You are viewing a plain text version of this content. The canonical link for it is here.
Posted to issues@spark.apache.org by "Dong Wang (Jira)" <ji...@apache.org> on 2019/11/11 02:52:00 UTC
[jira] [Created] (SPARK-29832) Unnecessary persist on instances in
ml.regression.IsotonicRegression.fit
Dong Wang created SPARK-29832:
---------------------------------
Summary: Unnecessary persist on instances in ml.regression.IsotonicRegression.fit
Key: SPARK-29832
URL: https://issues.apache.org/jira/browse/SPARK-29832
Project: Spark
Issue Type: Improvement
Components: ML
Affects Versions: 3.0.0
Reporter: Dong Wang
Persist on instances in ml.regression.IsotonicRegression.fit() is unnecessary, because it is only used once in run(instances).
{code:scala}
override def fit(dataset: Dataset[_]): IsotonicRegressionModel = instrumented { instr =>
transformSchema(dataset.schema, logging = true)

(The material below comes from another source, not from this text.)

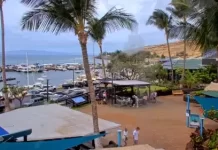 Maui Ocean Center Webcam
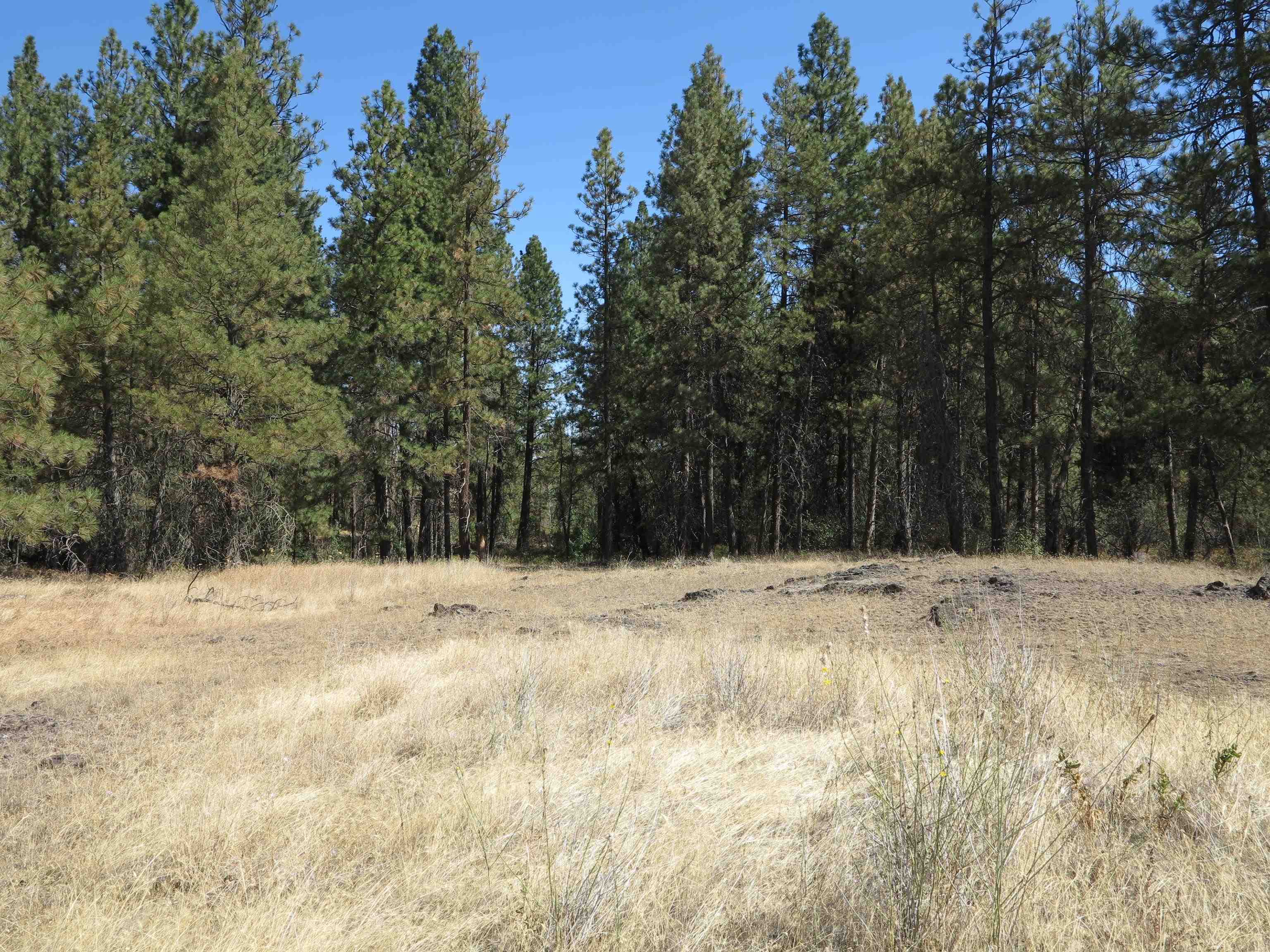 17700Blk W Williams Lake Rd - Photo 14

// Extract columns from data. If dataset is persisted, do not persist oldDataset.
val instances = extractWeightedLabeledPoints(dataset)
val handlePersistence = dataset.storageLevel == StorageLevel.NONE
// Unnecessary persist
if (handlePersistence) instances.persist(StorageLevel.MEMORY_AND_DISK)
instr.logPipelineStage(this)
instr.logDataset(dataset)
instr.logParams(this, labelCol, featuresCol, weightCol, predictionCol, featureIndex, isotonic)
instr.logNumFeatures(1)
val isotonicRegression = new MLlibIsotonicRegression().setIsotonic($(isotonic))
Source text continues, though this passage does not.